Excerpts from a dataset
○ ○ ○ ○ ○

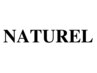 NATURELカット＋ボタニカルデトックスピーリングヘッドスパ30分　￥13,200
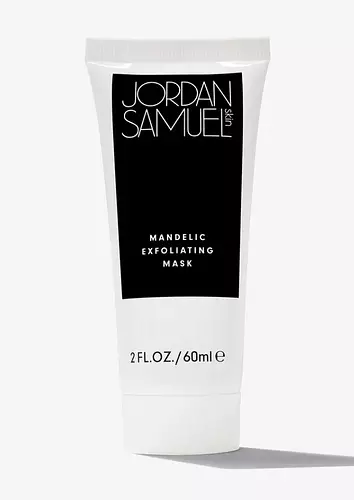 Jordan Samuel Skin Mandelic Exfoliating Mask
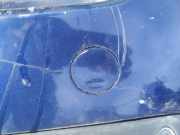 Abdeckung Abschlepphaken - Hinten Opel Zafira, B 2005.07 - 2008.01 Gebraucht,
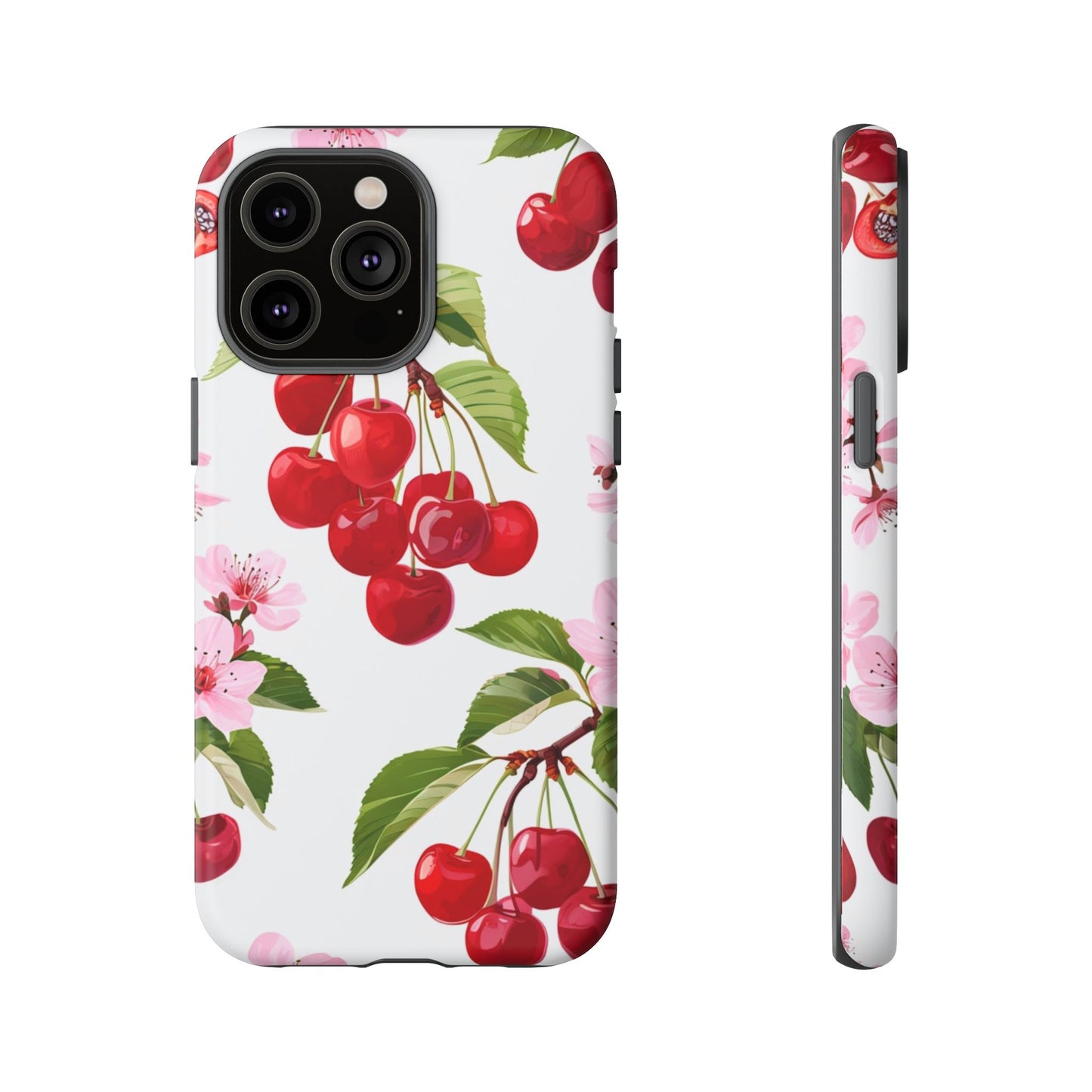 Grape Flower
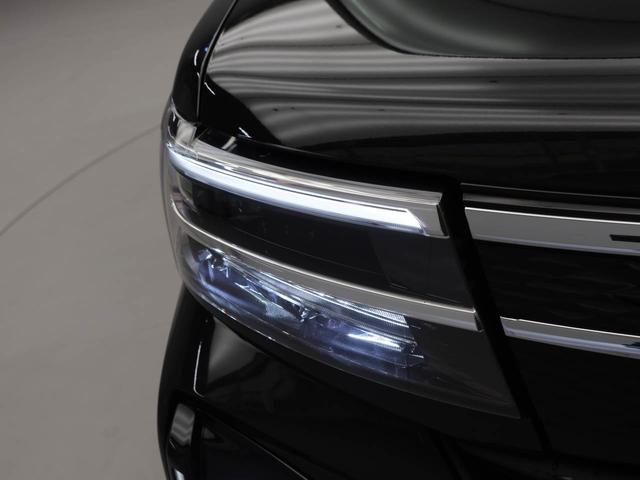 タントカスタムＸスマートキー　パワースライドドア　電動パーキングブレーキ　衝突被害軽減ブレーキ（愛知県）の中古車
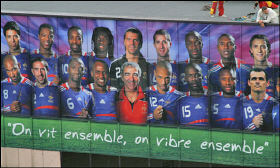 teamfoto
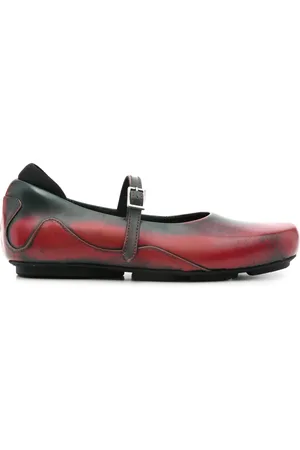 ECKHAUS LATTA Ballerines Elektra
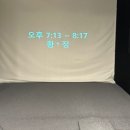 더 좋아 골프 이미지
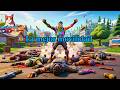 Hay que moverse siempre en Fortnite #fortnite #fortniteespanol #fortnitelatam #fortniteclips #gaming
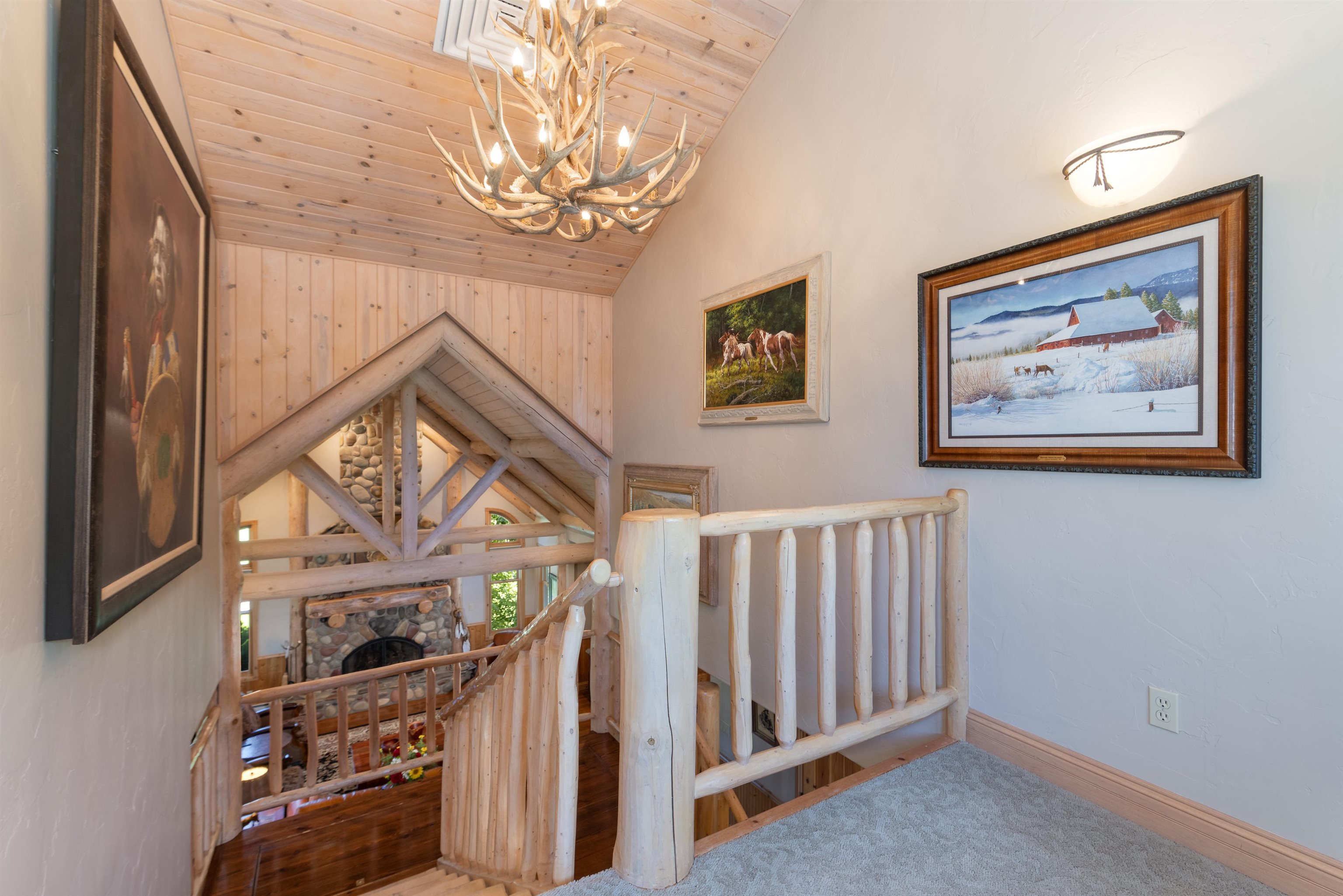 2536 I Road Grand Junction, CO 81505 - Photo 30 of 41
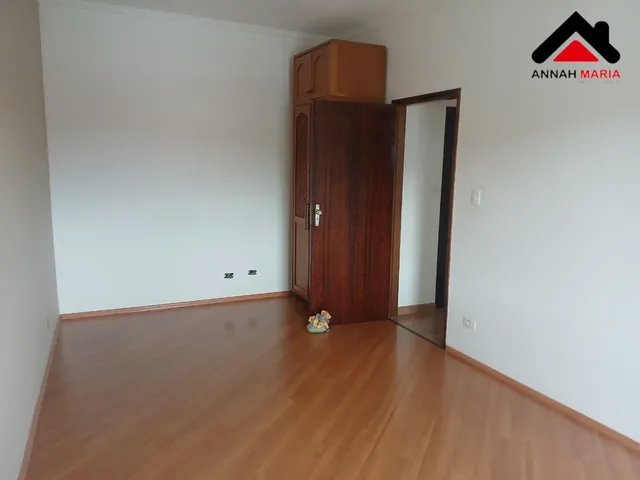 Imagem 2: Apartamento Residencial em Guararema - Sp, Centro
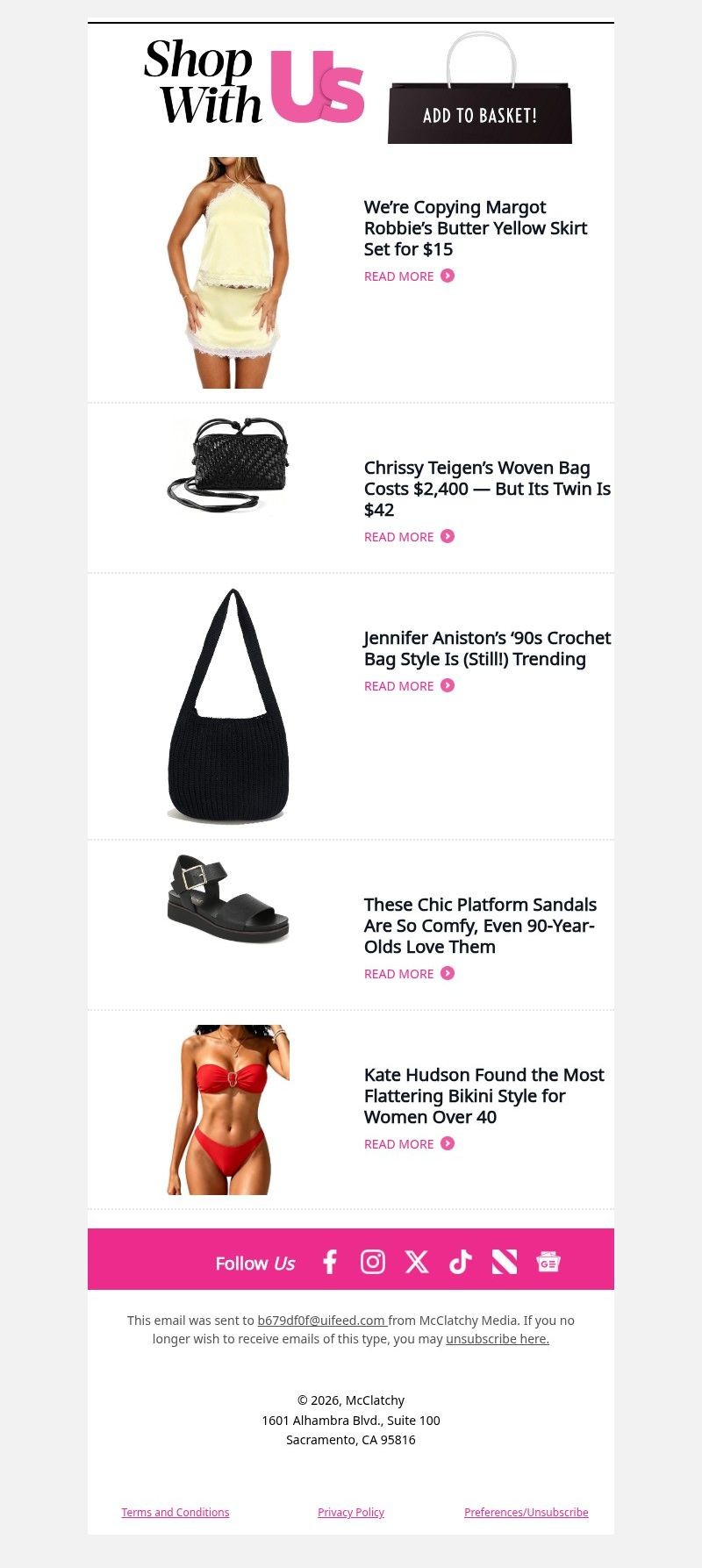 Screenshot of email with subject /media/emails/9db1661e-ea1c-4809-9ac0-4106494935f6.jpg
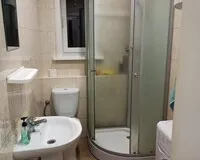 Кровать в общем 8-местном номере Хостел Хостел Xotell Балашиха без звезд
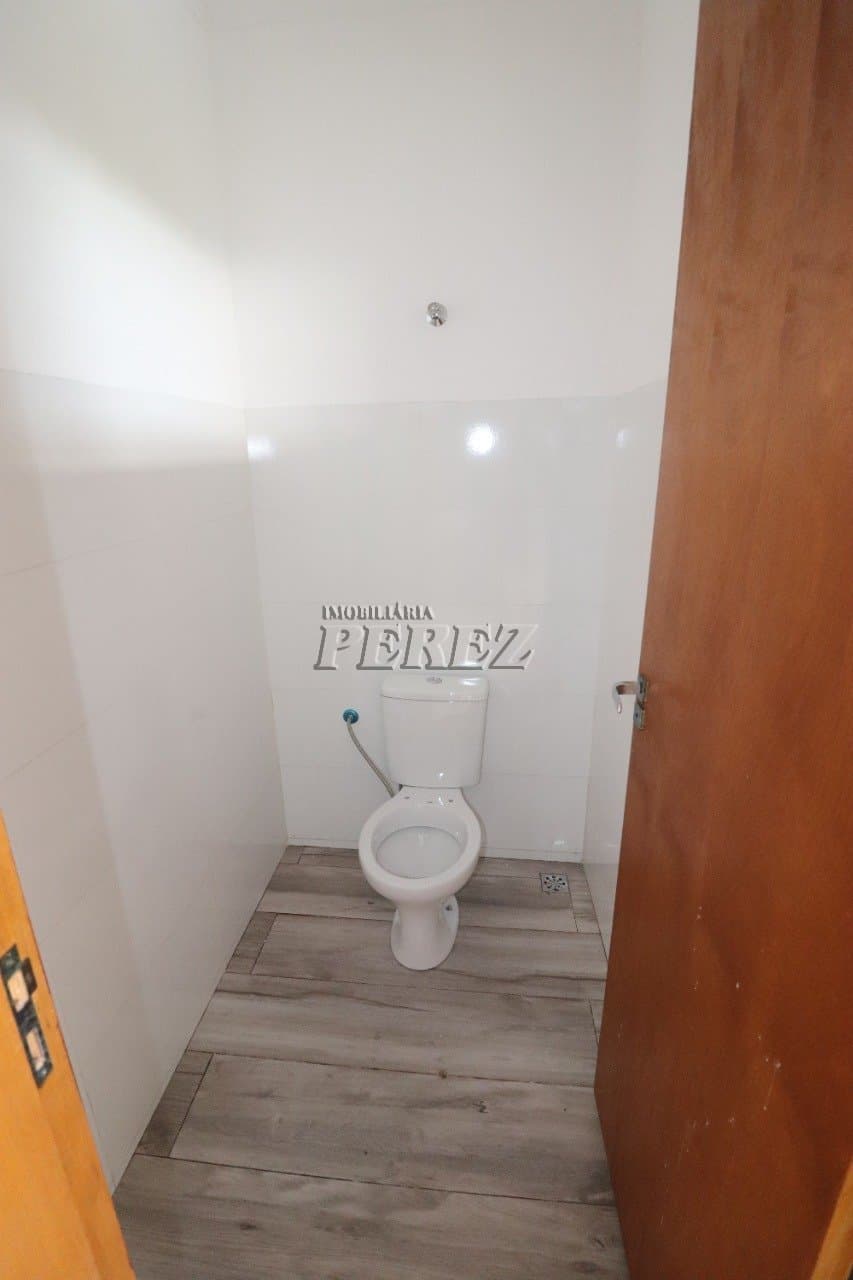 Casa a venda no vale do Cambezinho zona sul - Foto 21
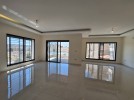 Ground floor with garden for rent in Al Kursi 180m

○ ○ ○ ○ ○

Reproduce the span beginning at the line with "ECKHAUS LATTA Ballerines Elektra" and ending at the last line of the entries above, inclusive, exactly as it stands. Exclude the pictures.

 ECKHAUS LATTA Ballerines Elektra
 더 좋아 골프 이미지
 Hay que moverse siempre en Fortnite #fortnite #fortniteespanol #fortnitelatam #fortniteclips #gaming
 2536 I Road Grand Junction, CO 81505 - Photo 30 of 41
 Imagem 2: Apartamento Residencial em Guararema - Sp, Centro
 Screenshot of email with subject /media/emails/9db1661e-ea1c-4809-9ac0-4106494935f6.jpg
 Кровать в общем 8-местном номере Хостел Хостел Xotell Балашиха без звезд
 Casa a venda no vale do Cambezinho zona sul - Foto 21
 Ground floor with garden for rent in Al Kursi 180m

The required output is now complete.